In a Java application (running JVM version 17), I have a communication protocol where each line has the following structure:
<identifier> <space> <identifer>
The problem is that the identifiers themselves may contain (besides upper- and lowercase latin characters) (single) spaces so that it is unclear what purpose the space symbols have. Example:
Let the communication on the wire be:
abc def uvw xyz
Now, the separating space could have three different positions:
- First identifier:
abc
, second identifier:def uvw xyz
. - First identifier:
abc def
, second identifer:uvw xyz
. - First identifier:
abc def uvw
, second identifier:xyz
.
In the given case, technically this is not a problem: After parsing it is possible to verify each identifier, if it is valid (note that the set of identifier values is both "huge" - and hence you would not want to put it into a regular expression - and partially also unknown, but verifiable after the fact).
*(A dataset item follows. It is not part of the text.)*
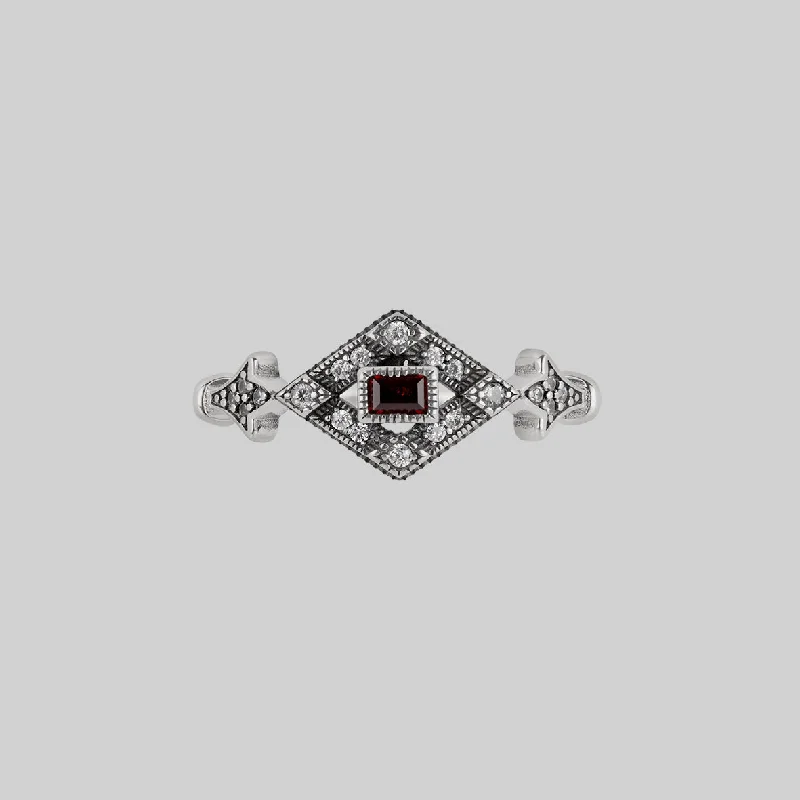 FLAPPER. Gatsby Garnet Ring - Silver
[Background for the ambiguous protocol: At the other end, a human being is sitting - and based on his/her role and situation, that person isn't able to think about ambiguity of what they are sending. Moreover, if a human mind reads the text, due to semantics and the meaning of the identifiers, it is obvious where to make the cut.]
The challenge to solve is to create an algorithm which creates all these possible combinations based on an arbitrary input.
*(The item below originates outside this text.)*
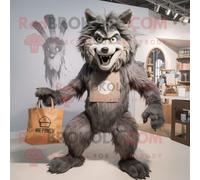 Personnage De Costume De Mascotte Redbrokoly De Loup-Garou Gris Habillé D'un T-Shirt Graphique Et De Sacs Fourre-Tout Multicolore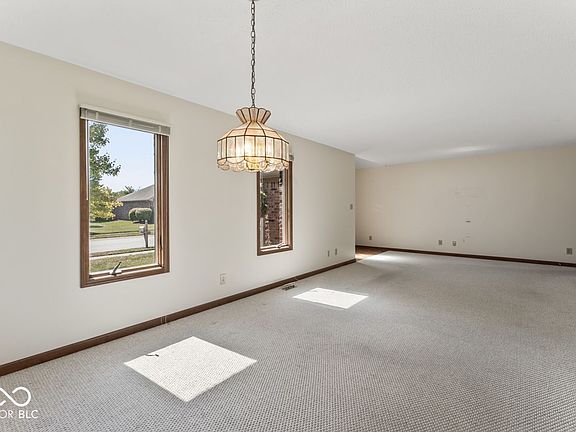 5th image of 1030 Woodridge #52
For brevity, it may be assumed that there is no "prefix/suffix problem" between the identifiers, i.e. the identifiers are cut in such a way that a suffix of the first identifier isn't a prefix of the second identifier.
I already tried to start with a Java Pattern Regular Expression like
([A-Za-z ]+) ([A-Za-z ]+)
but here greediness always returns you the "last" variant from above, e.g.
group 1: abc def uvw
group 2: xyz
I also looked around at the various Regex modifiers, including also those not supported by Java (e. g. "Ungreedy"). So I played around with making the quantifier lazy or possessive, but no avail. I also looked at the JavaDoc API, playing around with .find()
and .results()
, but apparently backtracking has terminated and I cannot reinitiate it.
Due to some additional factors, it would be preferrable to have this parsing done using java.util.regex.Pattern
, but this is not mandatory.